ESET Research has uncovered a fresh wave of cyberespionage attacks linked to North Korea-aligned Lazarus Group, targeting several European companies in the defence sector, particularly those involved in unmanned aerial vehicle (UAV) technology.
The campaign, tracked under the codename Operation DreamJob, reportedly began in late March 2025 and used sophisticated social engineering tactics, including fake job offers and trojanized open-source projects, to infiltrate systems.
According to ESET, the attackers deployed ScoringMathTea, a remote access trojan (RAT) that grants full control over compromised machines.
The malware, first seen in late 2022, has become a staple in Lazarus operations.
Three companies were targeted:
– A metal engineering firm in Southeastern Europe,
– An aircraft component manufacturer in Central Europe,
– A defence company also based in Central Europe.

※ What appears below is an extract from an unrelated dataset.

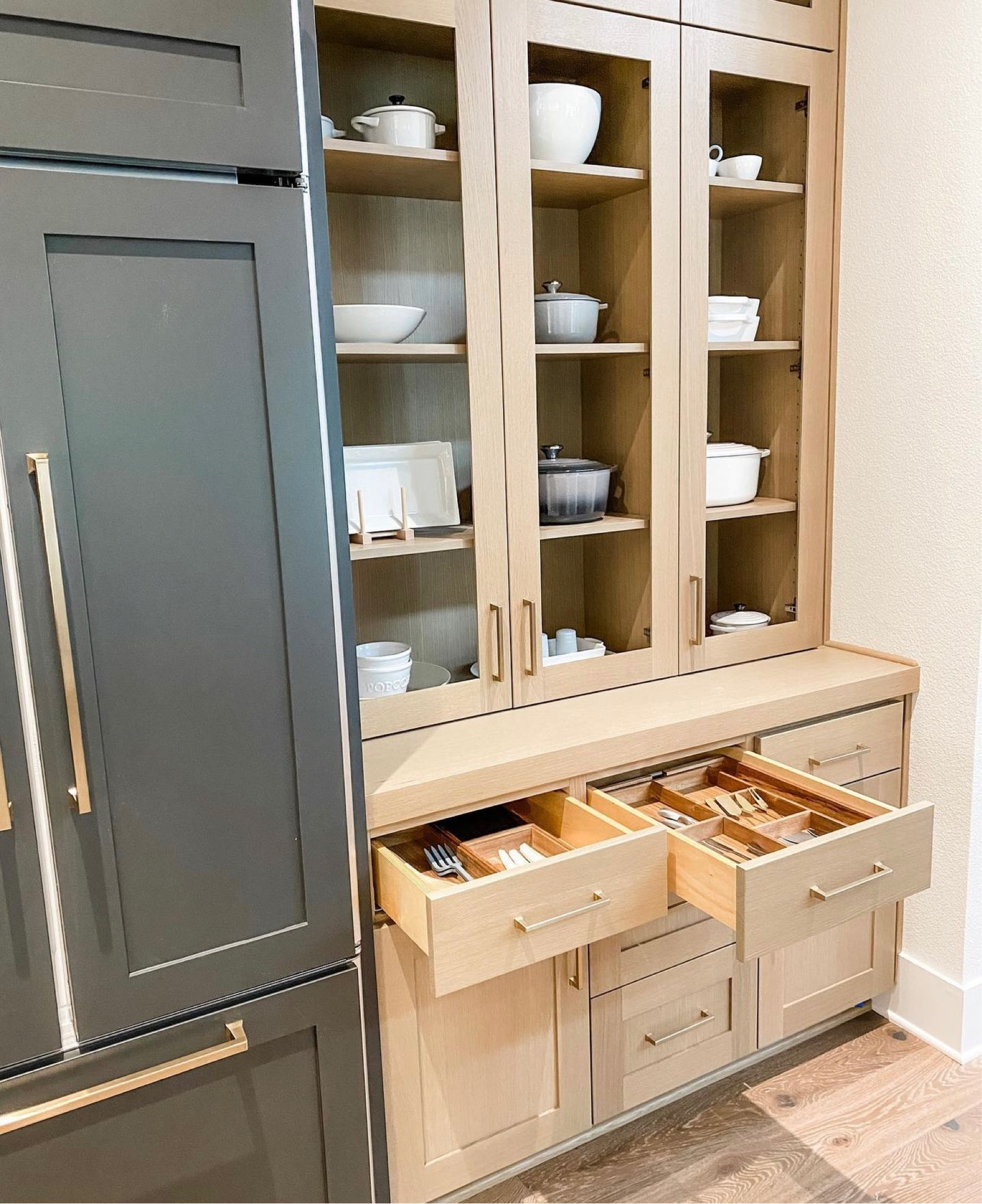 Pantry, cabinet and kitchen drawer organization.

#LTKhome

ESET researchers believe the primary objective was to steal proprietary information and manufacturing know-how, especially related to drone technology.
The targeted firms produce military equipment currently deployed in Ukraine, reinforcing suspicions of geopolitical motives.

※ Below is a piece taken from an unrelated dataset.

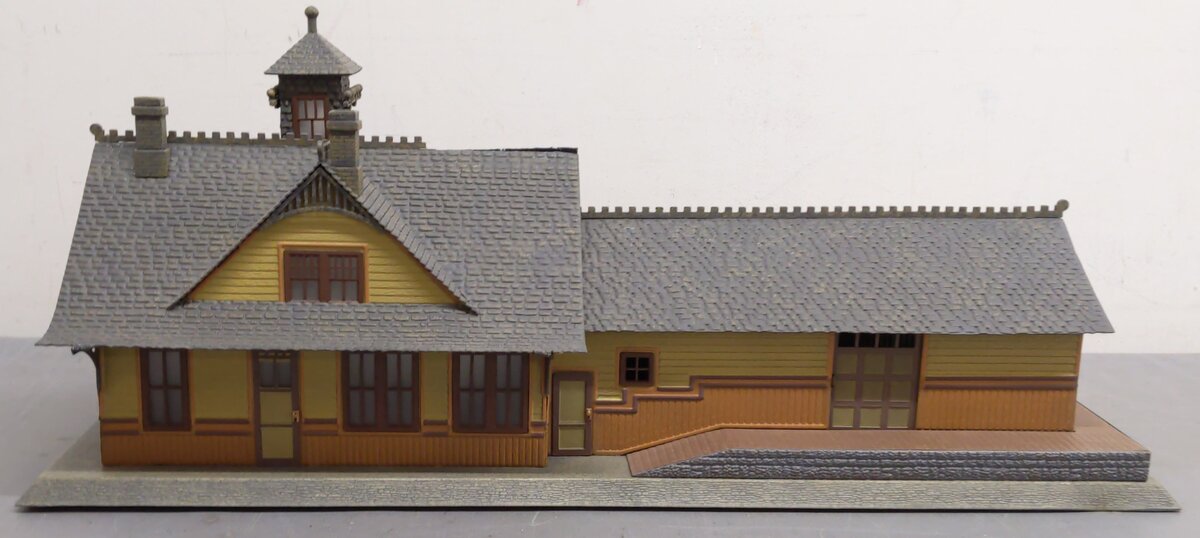 Lionel 6-32997 O Gauge Aluminum Rico Station VG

Responding to the findings, Olufemi Ake, Managing Director of ESET Nigeria, warned of growing vulnerabilities in West Africa’s defence ecosystem.
“With increasing digital connectivity and expanding defence partnerships, our region is becoming an attractive target for cyberattacks,” Ake said.
He identified high-risk sectors including government agencies, engineering and technology firms, critical infrastructure operators, and the defence and media industries.
To mitigate threats, Ake urged organisations to integrate cybersecurity awareness into onboarding, deploy robust device protection, and adopt advanced threat detection systems.
He also called on West African governments to prioritise cybersecurity as a strategic imperative.
“Cyber resilience must be at the forefront of national agendas,” Ake said. “This requires regional collaboration, sustained awareness campaigns, and long-term investment in cybersecurity capacity-building.”